- **Exercise requirements**
Reproduce the listing below from the line with "Tavolo da Pranzo" to the line with "Downstream bioprocessing multi", both lines included, character for character, minus any pictures.

[Opening Dataset section]

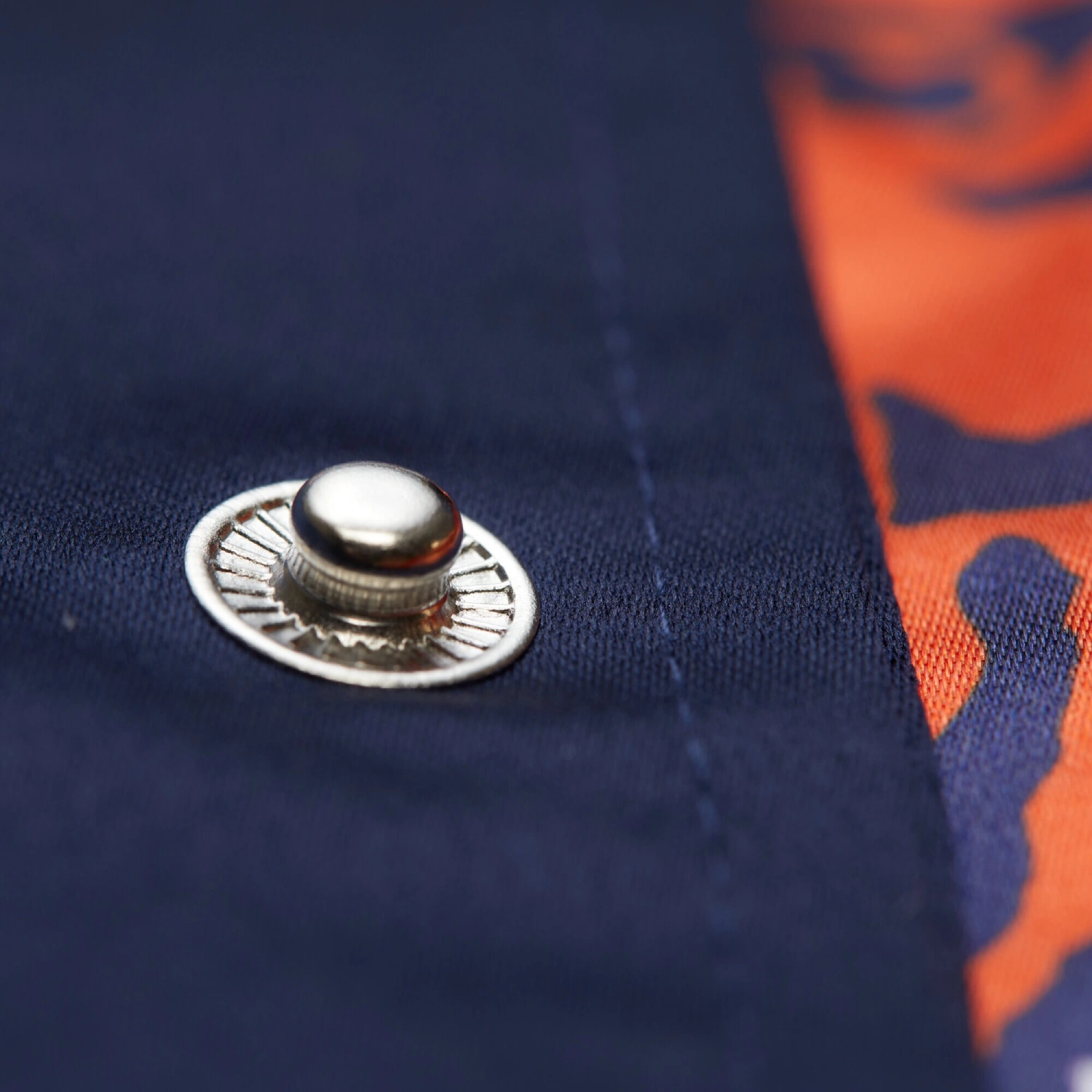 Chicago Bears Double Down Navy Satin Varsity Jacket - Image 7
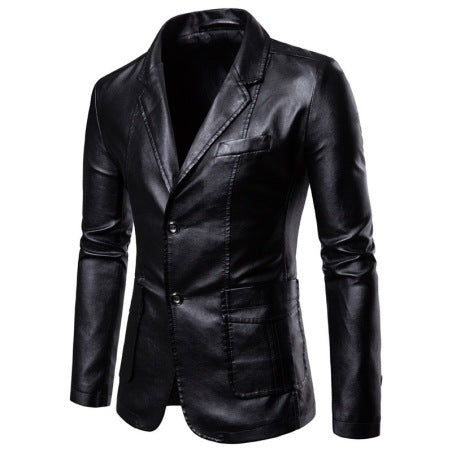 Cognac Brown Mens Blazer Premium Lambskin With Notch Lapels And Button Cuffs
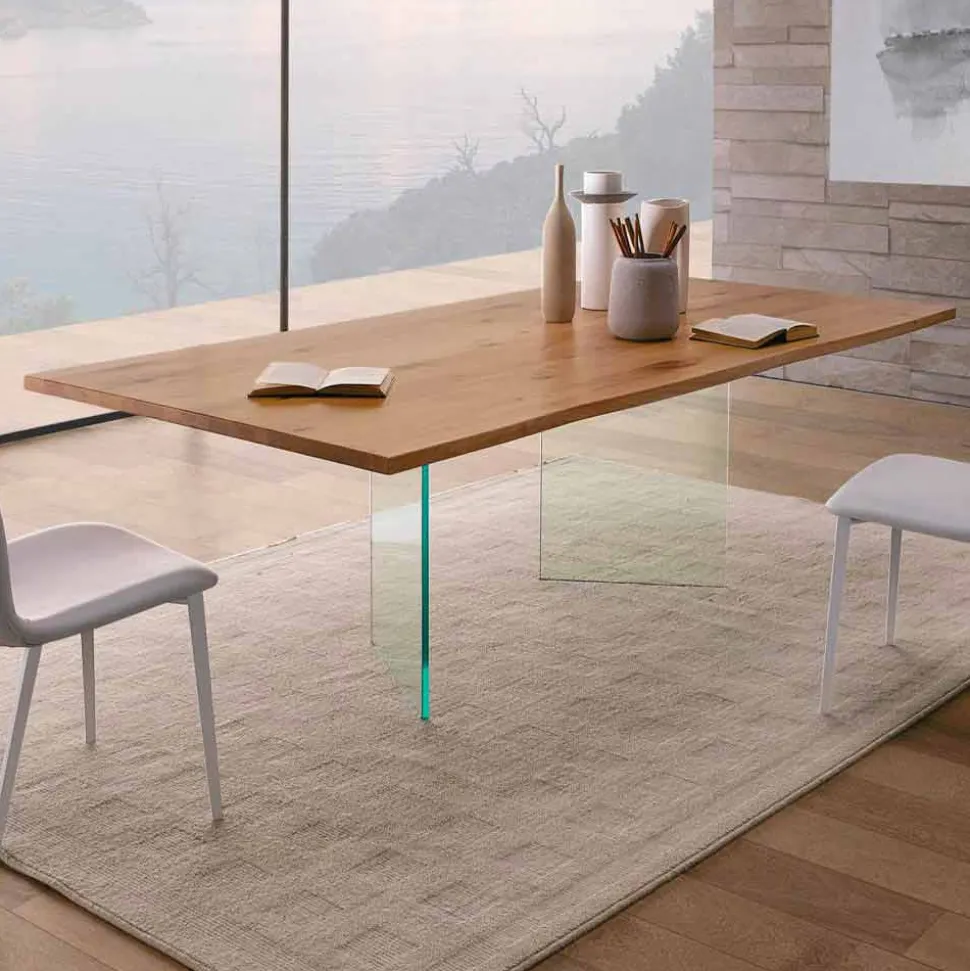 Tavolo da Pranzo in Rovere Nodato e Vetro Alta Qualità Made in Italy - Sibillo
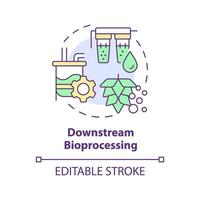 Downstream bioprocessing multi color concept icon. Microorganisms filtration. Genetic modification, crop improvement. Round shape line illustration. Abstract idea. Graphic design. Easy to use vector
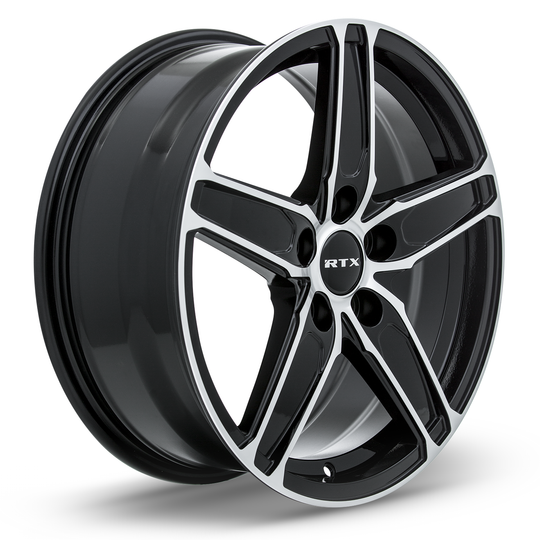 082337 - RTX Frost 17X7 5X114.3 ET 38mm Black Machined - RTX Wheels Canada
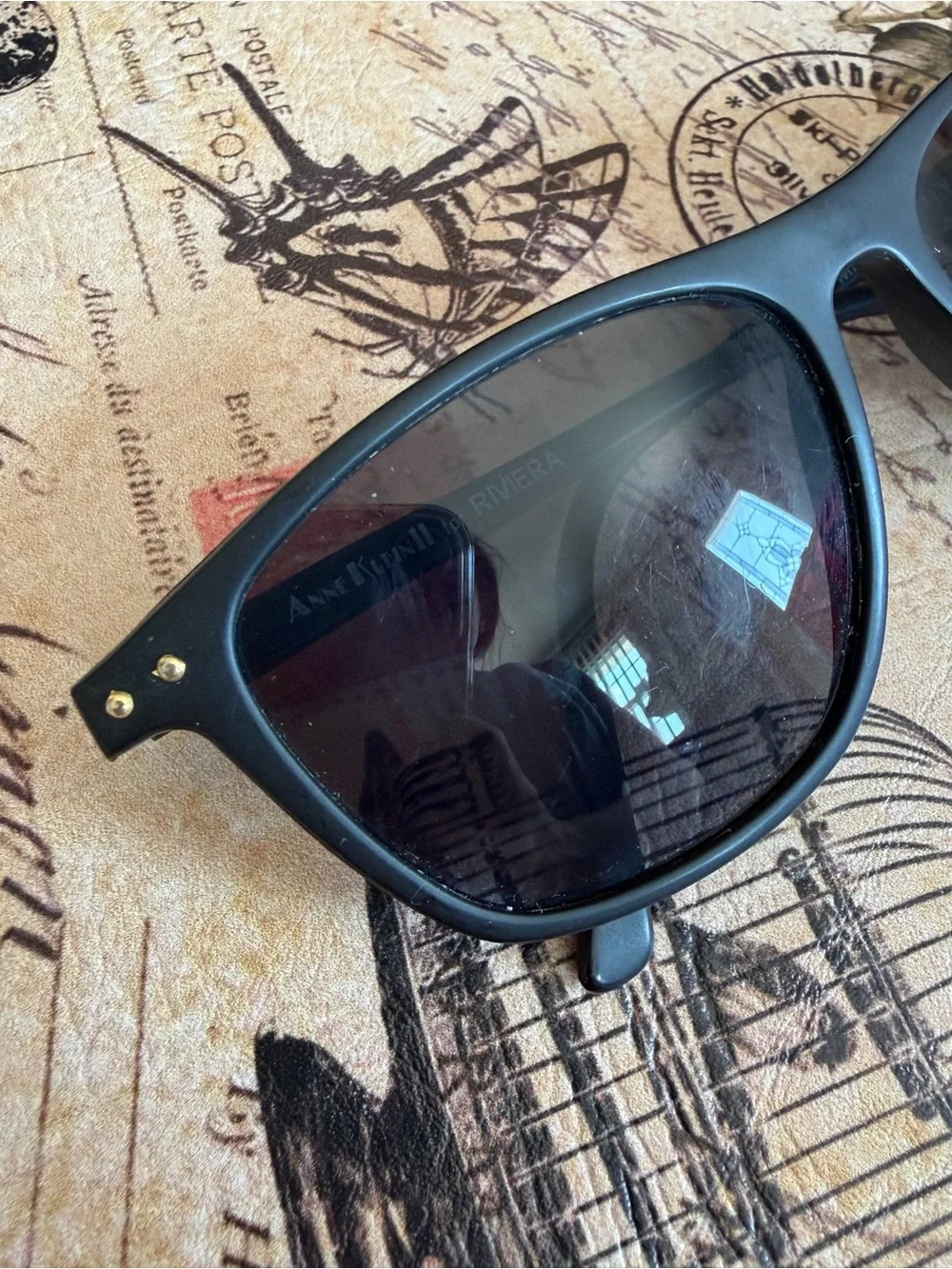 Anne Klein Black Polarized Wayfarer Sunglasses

[Closing Dataset section]
[Opening Dataset section]

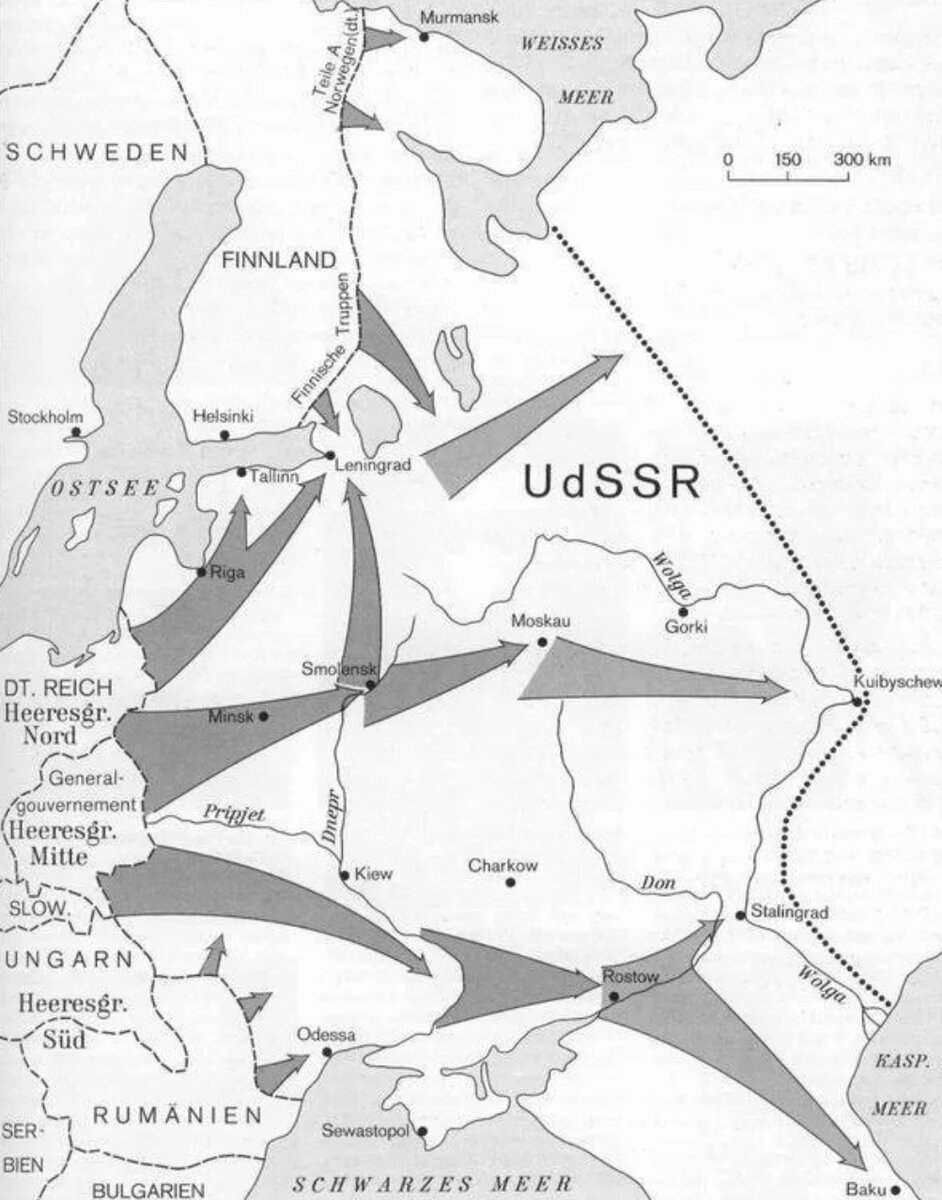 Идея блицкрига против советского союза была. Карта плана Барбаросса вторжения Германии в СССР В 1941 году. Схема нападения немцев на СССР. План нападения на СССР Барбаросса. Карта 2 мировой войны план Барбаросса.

[Closing Dataset section]

- **Task response**
 Tavolo da Pranzo in Rovere Nodato e Vetro Alta Qualità Made in Italy - Sibillo
 Downstream bioprocessing multi color concept icon. Microorganisms filtration. Genetic modification, crop improvement. Round shape line illustration. Abstract idea. Graphic design. Easy to use vector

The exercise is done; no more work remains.